Gabriella Belpre is an executive assistant in the Mayor’s Office by day, and a professional wrestler by night.
Gabriella Belpre is an executive assistant in the Mayor’s Office by day, and a professional wrestler by night.Read moreCHARLES FOX / Staff Photographer

It is tradition within professional wrestling that wrestlers have their ring gear with them at virtually all times, as they truly never know when they will be called upon to perform.

Being unprepared to do so is not an option.

Gabby Ortiz, 22, is no different. What's different about her is where her bag sits — underneath her desk inside Mayor Kenney's second-floor office in City Hall.

By day, Ortiz is Gabriella Belpre, Kenney's receptionist. By night, she's an independent professional wrestler. She's just getting her start — she doesn't have a character yet, she's a good guy, or a babyface, as it's called in wrestling — but she's already done something few of her peers have been able to: traveled to Japan to wrestle throughout the country. In fact, she's had more matches in Japan than in her native Philadelphia.

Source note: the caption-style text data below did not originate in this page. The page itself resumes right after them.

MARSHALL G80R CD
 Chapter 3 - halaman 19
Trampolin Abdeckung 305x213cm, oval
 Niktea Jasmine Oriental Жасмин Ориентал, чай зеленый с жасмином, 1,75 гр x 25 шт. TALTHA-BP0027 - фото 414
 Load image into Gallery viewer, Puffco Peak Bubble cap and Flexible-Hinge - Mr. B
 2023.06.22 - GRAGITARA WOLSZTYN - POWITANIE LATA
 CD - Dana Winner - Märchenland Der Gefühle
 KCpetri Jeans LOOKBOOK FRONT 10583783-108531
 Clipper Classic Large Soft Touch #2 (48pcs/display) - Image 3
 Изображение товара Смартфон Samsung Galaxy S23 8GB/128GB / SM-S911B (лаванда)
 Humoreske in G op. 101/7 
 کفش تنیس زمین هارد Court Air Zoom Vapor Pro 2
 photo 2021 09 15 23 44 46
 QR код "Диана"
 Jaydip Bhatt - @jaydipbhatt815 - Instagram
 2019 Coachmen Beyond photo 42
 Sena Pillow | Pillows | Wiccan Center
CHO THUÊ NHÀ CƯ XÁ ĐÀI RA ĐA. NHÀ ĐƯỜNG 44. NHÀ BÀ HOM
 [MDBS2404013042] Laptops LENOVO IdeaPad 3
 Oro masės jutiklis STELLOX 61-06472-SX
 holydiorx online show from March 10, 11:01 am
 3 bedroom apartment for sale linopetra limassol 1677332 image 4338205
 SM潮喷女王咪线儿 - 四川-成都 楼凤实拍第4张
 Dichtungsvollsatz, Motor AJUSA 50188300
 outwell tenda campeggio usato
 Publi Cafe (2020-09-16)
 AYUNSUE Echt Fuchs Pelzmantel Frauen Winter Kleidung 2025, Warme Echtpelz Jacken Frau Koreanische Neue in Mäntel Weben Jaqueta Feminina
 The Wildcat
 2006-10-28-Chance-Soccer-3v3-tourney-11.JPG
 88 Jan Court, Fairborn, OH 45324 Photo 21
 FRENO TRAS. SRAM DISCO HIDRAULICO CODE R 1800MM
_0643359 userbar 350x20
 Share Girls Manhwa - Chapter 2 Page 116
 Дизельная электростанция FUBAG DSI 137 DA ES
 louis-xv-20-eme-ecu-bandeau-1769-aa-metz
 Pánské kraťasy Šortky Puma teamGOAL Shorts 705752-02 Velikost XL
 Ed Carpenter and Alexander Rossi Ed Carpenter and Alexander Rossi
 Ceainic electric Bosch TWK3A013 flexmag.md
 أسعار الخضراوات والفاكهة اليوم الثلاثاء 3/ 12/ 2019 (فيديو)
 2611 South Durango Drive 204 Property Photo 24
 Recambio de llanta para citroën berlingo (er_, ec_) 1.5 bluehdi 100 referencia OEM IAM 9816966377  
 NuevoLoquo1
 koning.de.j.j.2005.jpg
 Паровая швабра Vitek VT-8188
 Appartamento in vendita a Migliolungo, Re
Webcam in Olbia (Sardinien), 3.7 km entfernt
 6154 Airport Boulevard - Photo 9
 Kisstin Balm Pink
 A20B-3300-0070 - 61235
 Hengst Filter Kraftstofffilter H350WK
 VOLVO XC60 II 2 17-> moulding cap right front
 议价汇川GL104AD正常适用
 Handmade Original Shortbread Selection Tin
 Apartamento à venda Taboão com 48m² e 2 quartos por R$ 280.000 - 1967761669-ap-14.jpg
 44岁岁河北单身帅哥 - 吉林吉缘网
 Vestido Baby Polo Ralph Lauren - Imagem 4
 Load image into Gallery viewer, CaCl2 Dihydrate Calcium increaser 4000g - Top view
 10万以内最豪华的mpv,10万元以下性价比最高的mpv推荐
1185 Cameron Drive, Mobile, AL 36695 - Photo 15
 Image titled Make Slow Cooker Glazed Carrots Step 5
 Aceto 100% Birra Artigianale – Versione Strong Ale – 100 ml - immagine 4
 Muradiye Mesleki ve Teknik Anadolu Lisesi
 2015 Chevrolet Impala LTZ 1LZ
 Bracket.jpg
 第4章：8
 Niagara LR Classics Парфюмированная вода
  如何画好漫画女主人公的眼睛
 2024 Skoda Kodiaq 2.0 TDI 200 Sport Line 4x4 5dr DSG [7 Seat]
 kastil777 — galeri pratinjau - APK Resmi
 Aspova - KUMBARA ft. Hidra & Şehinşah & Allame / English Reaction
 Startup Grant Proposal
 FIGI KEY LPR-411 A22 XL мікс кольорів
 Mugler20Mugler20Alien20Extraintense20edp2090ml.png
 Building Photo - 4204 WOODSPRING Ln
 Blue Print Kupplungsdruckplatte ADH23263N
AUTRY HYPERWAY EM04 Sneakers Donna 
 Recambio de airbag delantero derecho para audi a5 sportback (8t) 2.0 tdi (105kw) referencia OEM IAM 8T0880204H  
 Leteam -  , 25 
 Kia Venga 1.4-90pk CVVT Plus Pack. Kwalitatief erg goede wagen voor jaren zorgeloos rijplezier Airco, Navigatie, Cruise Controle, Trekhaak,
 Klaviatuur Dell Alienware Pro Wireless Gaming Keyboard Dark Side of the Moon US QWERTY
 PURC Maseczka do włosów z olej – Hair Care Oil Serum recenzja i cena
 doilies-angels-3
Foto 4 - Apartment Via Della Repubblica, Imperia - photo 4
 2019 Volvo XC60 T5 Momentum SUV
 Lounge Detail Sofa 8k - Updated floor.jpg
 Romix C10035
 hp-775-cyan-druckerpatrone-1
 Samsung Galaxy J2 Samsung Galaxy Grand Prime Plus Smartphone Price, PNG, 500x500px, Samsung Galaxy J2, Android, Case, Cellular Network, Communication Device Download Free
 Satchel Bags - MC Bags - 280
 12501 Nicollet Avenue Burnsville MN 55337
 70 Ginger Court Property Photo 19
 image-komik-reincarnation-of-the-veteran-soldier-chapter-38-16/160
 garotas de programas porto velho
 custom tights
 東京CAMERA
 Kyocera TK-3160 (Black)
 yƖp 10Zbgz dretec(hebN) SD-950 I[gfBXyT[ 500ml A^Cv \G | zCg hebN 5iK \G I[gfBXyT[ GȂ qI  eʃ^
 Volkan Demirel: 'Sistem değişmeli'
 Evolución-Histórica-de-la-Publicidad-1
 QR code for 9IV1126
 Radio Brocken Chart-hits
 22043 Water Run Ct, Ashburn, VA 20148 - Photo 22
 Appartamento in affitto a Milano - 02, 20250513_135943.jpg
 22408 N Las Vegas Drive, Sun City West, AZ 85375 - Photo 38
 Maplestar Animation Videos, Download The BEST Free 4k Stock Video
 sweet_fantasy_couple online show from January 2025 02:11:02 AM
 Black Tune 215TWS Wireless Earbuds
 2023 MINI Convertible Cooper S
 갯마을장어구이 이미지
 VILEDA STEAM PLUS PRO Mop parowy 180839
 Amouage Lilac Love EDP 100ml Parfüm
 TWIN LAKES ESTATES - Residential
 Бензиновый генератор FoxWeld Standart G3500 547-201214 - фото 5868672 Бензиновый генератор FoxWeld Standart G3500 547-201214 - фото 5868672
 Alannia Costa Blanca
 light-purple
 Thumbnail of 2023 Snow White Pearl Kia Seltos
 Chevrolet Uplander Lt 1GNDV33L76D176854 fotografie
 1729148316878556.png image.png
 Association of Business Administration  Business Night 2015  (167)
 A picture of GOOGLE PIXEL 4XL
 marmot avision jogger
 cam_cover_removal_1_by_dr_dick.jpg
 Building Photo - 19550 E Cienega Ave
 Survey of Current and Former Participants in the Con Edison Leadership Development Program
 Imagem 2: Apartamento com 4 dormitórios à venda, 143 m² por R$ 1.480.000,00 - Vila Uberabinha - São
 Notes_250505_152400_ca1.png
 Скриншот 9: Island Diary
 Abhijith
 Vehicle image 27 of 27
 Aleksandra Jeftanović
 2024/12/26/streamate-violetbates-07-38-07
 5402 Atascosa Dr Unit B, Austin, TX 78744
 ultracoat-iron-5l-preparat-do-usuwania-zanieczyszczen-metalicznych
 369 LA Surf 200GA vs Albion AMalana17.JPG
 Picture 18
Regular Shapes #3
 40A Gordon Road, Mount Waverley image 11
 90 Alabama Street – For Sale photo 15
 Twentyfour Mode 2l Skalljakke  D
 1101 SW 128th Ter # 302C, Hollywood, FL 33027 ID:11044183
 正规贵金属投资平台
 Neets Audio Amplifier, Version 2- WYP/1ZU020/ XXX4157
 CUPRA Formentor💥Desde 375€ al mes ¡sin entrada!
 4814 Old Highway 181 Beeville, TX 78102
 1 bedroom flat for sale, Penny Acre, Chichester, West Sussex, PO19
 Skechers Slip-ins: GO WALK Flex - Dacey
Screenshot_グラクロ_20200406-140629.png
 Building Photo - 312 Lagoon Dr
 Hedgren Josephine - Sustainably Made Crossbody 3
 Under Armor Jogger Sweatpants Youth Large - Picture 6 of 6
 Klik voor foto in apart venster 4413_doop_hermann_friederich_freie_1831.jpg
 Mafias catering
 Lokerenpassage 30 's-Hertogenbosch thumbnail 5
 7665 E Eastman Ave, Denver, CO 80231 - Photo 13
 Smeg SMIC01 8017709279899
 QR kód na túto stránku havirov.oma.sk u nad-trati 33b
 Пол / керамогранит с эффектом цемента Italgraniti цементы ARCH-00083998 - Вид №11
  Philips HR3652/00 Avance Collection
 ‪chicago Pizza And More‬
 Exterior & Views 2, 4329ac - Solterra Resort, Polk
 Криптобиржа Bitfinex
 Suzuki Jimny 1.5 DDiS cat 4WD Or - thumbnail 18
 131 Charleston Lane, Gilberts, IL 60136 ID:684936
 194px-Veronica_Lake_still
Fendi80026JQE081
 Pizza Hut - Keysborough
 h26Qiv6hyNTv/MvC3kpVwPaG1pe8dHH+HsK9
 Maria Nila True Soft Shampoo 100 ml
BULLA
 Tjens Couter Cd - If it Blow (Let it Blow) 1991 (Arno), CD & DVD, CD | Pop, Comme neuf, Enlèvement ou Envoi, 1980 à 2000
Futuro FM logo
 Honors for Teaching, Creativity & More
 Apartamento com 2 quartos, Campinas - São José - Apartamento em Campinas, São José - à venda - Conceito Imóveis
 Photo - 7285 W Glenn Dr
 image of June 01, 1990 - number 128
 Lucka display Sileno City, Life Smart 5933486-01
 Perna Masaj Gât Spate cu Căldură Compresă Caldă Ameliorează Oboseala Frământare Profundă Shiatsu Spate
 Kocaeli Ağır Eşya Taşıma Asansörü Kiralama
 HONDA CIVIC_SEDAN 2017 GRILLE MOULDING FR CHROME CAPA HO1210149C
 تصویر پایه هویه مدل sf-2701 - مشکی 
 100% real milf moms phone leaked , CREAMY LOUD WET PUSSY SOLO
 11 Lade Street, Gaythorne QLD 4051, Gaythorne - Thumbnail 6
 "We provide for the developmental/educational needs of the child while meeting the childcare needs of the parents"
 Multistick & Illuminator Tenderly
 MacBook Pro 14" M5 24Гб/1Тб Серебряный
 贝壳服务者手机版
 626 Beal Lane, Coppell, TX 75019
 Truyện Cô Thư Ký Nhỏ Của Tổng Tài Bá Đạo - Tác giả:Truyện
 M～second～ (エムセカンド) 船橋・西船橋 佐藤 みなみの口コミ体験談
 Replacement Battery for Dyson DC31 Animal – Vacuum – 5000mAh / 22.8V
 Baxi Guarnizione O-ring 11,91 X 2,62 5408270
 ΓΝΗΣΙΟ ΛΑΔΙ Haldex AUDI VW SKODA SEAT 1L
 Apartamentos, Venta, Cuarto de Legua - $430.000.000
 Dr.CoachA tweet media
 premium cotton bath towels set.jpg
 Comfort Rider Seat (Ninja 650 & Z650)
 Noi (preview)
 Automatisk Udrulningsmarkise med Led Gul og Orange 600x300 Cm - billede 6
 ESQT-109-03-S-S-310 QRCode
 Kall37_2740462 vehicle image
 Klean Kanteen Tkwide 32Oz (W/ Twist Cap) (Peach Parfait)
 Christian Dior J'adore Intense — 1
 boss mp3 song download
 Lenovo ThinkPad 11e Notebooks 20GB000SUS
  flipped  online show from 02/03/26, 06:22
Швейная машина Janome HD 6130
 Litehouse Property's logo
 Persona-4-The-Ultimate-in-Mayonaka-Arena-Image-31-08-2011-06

Three or four nights a week, she leaves Kenney's office and heads to the Monster Factory in Paulsboro or the Ring of Honor Dojo in Bristol, where she takes out the bag she keeps under her desk and transforms from her City Hall life to her wrestling life.

"I have to balance it because I love both of these things so much and I am 100 percent committed to having it all, and I will," Ortiz said.

Ortiz's colleagues in City Hall, including Kenney, know about her burgeoning career as a wrestler, and Kenney endorsed her Japanese excursion this summer.

"The mayor asks me about it occasionally when he gets a second," Ortiz said while sitting in one of the meeting rooms that connects to Kenney's office. "They're all aware of it and I'm sure they're reluctantly supportive, because I don't think they want me to get hurt. I wouldn't want them to get hurt."

But getting hurt comes with the territory in professional wrestling, and Ortiz has had her share of bumps and bruises on her petite frame while performing her duties in the Mayor's Office. 

Her job funds her wrestling habit. She was working at Woody's, on hiatus from training because she couldn't afford it, when she ran into Kenney, who offered her a job in his administration. He had worked with her mother, Sharon Ortiz-Belpre, City Council director of administrative services, who died from substance abuse in 2014 at 43. "She was the strongest woman I've ever known, I ever will know," Ortiz said. "She just had an amazing reputation here — despite whatever issue she had, she always worked hard."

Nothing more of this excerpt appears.